Camino a través de una tarde necia con la mente
desordenada. Estoy sentada en la sala de mi casa. Del lado derecho oigo a
George Gershwin con su Rhapsody in Blue.
Del lado izquierdo oigo grandes carcajadas que se entremezclan con una cumbia.
Otra vez mis oídos compartidos con los albañiles que no terminan la obra de mi
vecino “el constructor”. A la derecha llega mi hijo, Eduardo, que dice Gershwin
es el mejor compositor gringo. Muy
pronto ha olvidado a Bernstein. Leonard Bernstein es el mejor, luego Gershwin,
luego Aaron Copland, luego, tal vez, (sólo tal vez) Leroy Anderson, después el
resto... Estoy a punto de decirle que se ponga audífonos para que escuche sólo
para él. Sin embargo, ya que quedarían únicamente los ruidos que se cuelan de
la calle. Mejor me callo. Se mezclan los sonidos azules de la rapsodia con una
cumbia descarada que grita: “Ella necesita, duerma en su cama, sueñe en su
almohada, suba a su cuerpo...” Los albañiles se divierten tanto, todo el día
gritan, ríen. Los sonidos están por todos lados no puedo aislarme y aguanto la
contradicción musical. “Tranquilízate. Todo cabe en un cerebro sabiéndolo
acomodar”, me digo.
Digo
que me encuentro en una tarde necia, porque me ha invadido la nostalgia por
culpa de un dolor de rodilla. Mi ego se pregunta el porqué. Giramos sin remedio
alrededor de la vanidad, como lo expresa el libro de Eclesiastés: “Vanidad de vanidades, dijo el Predicador;
vanidad de vanidades, todo es vanidad. ¿Qué provecho tiene el hombre de todo su
trabajo con que se afana debajo del sol?. Generación va, y generación viene;
mas la tierra siempre permanece”. Sí, en el fondo, todo es una frivolidad.

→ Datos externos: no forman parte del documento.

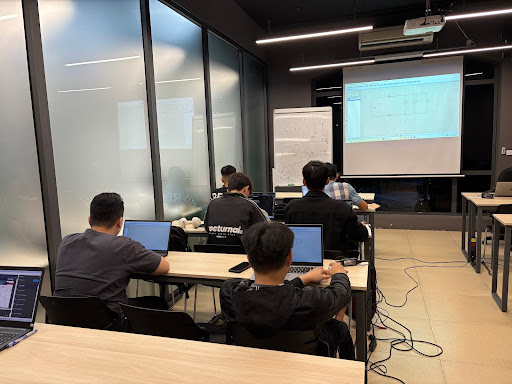 Khám phá môn lý thuyết điện và mạch cùng sinh viên lớp C2509E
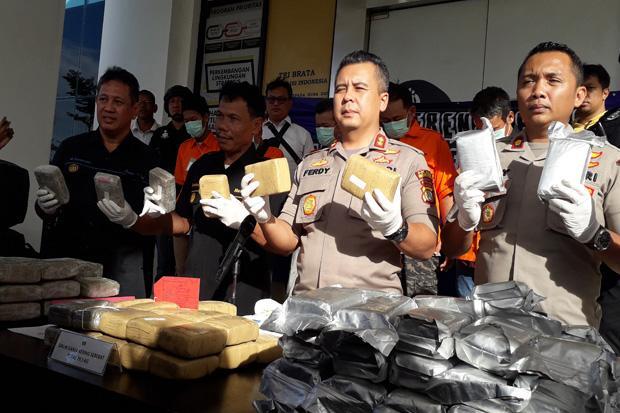 Polres Tangsel Gagalkan Peredaran 79,5 Kg Ganja di Dalam Empat Ban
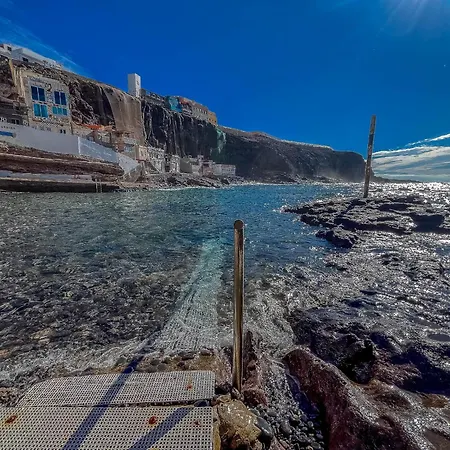 بيت للعطل 3br Fronton Wave - Ocean View & Parking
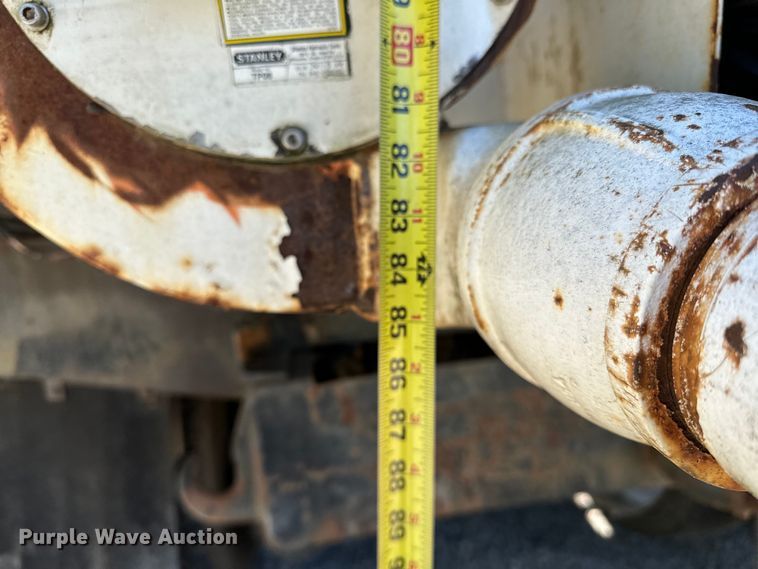 image for item OM9480 1999 International  2554  sewer jetter truck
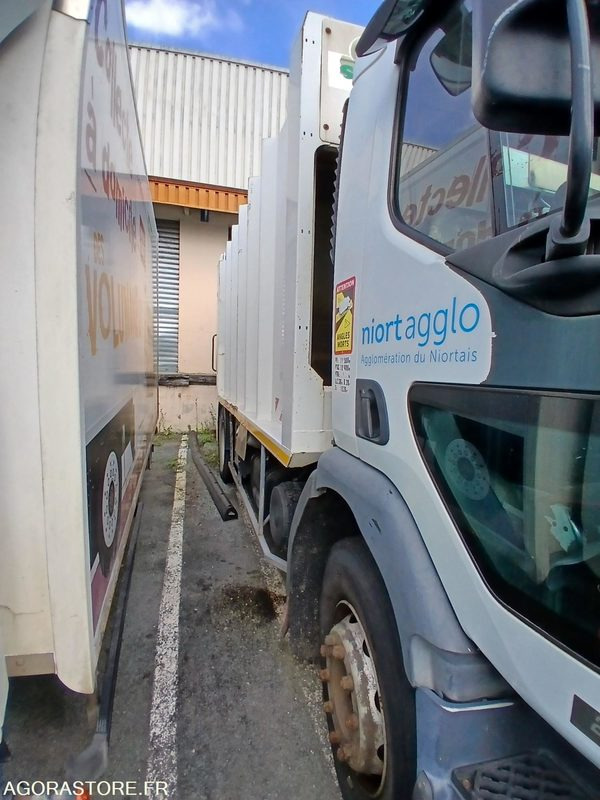 BOM 19 T RENAULT 270 DCI - 2002 - 370 889km - Prügiauto: pilt 5 BOM 19 T RENAULT 270 DCI - 2002 - 370 889km - Prügiauto: pilt 5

Por eso me duele darme cuenta que la joven que habitaba mi cuerpo se está yendo.
Tenía la ilusión de que volviera, pero no... No han servido los antioxidantes
porque bien que me he oxidado y para muestra el ruido de mi rodilla. Quizá sea
cierto y todos los tiempos coexisten y la joven que fui ahora viaja en el éter
sideral y anda por allí corriendo sin dolores, ni arrugas en los ojos: anda con
su pelo largo sin peinar y debería de estar leyendo “Divino tesoro” el poema de
Cristina Rivera Garza: “Mi juventud me da
lástima y me da rabia y ganas/ de salir corriendo tras sus huellas de perro
apaleado,/ cojitranco y hambriento./ Íbamos a vivir toda la vida juntas,
dijo./ Me extrañarás, aseveró./ Mi
juventud siempre supo más que yo.”
Y así,
como un relámpago, me entra la idea de que a mi edad le faltan muchos años. Recuerdo
que la esperanza de vida ha aumentado y que en mi familia casi todos llegan a
muy viejos.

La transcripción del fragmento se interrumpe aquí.